Short text fragments from websites:
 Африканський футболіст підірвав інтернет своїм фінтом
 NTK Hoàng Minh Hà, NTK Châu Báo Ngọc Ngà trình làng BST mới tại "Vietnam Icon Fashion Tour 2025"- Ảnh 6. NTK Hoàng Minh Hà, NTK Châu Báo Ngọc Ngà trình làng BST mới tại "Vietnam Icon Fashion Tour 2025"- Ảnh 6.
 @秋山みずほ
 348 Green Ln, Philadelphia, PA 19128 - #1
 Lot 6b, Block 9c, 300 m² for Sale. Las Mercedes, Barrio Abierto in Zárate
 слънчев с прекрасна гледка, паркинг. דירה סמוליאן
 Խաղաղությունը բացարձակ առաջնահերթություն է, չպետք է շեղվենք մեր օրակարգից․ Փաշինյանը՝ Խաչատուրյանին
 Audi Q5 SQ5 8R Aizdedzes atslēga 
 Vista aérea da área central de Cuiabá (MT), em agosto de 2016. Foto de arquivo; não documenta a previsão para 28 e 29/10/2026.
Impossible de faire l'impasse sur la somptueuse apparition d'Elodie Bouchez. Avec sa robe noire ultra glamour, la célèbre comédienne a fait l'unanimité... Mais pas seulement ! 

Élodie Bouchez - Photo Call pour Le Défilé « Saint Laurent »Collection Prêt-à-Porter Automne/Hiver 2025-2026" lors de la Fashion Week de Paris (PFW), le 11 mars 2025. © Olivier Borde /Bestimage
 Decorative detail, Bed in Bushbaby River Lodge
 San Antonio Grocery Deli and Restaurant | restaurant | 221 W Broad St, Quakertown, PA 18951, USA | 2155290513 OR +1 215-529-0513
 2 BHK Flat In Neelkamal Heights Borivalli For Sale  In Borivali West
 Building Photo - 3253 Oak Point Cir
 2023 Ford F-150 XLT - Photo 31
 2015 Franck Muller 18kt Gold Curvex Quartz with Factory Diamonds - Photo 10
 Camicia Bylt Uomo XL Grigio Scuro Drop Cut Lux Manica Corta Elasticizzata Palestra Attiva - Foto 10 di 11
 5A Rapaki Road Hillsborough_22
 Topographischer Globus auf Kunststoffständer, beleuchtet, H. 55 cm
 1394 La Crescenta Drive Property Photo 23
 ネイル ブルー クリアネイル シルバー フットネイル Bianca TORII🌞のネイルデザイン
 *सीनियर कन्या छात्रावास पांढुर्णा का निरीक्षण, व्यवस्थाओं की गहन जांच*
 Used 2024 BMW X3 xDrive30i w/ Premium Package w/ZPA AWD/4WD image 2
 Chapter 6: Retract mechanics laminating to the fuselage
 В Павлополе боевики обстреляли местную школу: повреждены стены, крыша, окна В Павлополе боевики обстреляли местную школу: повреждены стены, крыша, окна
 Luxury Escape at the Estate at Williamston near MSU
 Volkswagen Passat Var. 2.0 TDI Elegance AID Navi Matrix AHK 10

EXERCISE OBJECTIVE:
Within the data above, the lines from the one with "2015 Franck Muller" to the one with "Luxury Escape at" must be repeated exactly; no other line belongs in the answer.

YOUR SOLUTION:
 2015 Franck Muller 18kt Gold Curvex Quartz with Factory Diamonds - Photo 10
 Camicia Bylt Uomo XL Grigio Scuro Drop Cut Lux Manica Corta Elasticizzata Palestra Attiva - Foto 10 di 11
 5A Rapaki Road Hillsborough_22
 Topographischer Globus auf Kunststoffständer, beleuchtet, H. 55 cm
 1394 La Crescenta Drive Property Photo 23
 ネイル ブルー クリアネイル シルバー フットネイル Bianca TORII🌞のネイルデザイン
 *सीनियर कन्या छात्रावास पांढुर्णा का निरीक्षण, व्यवस्थाओं की गहन जांच*
 Used 2024 BMW X3 xDrive30i w/ Premium Package w/ZPA AWD/4WD image 2
 Chapter 6: Retract mechanics laminating to the fuselage
 В Павлополе боевики обстреляли местную школу: повреждены стены, крыша, окна В Павлополе боевики обстреляли местную школу: повреждены стены, крыша, окна
 Luxury Escape at the Estate at Williamston near MSU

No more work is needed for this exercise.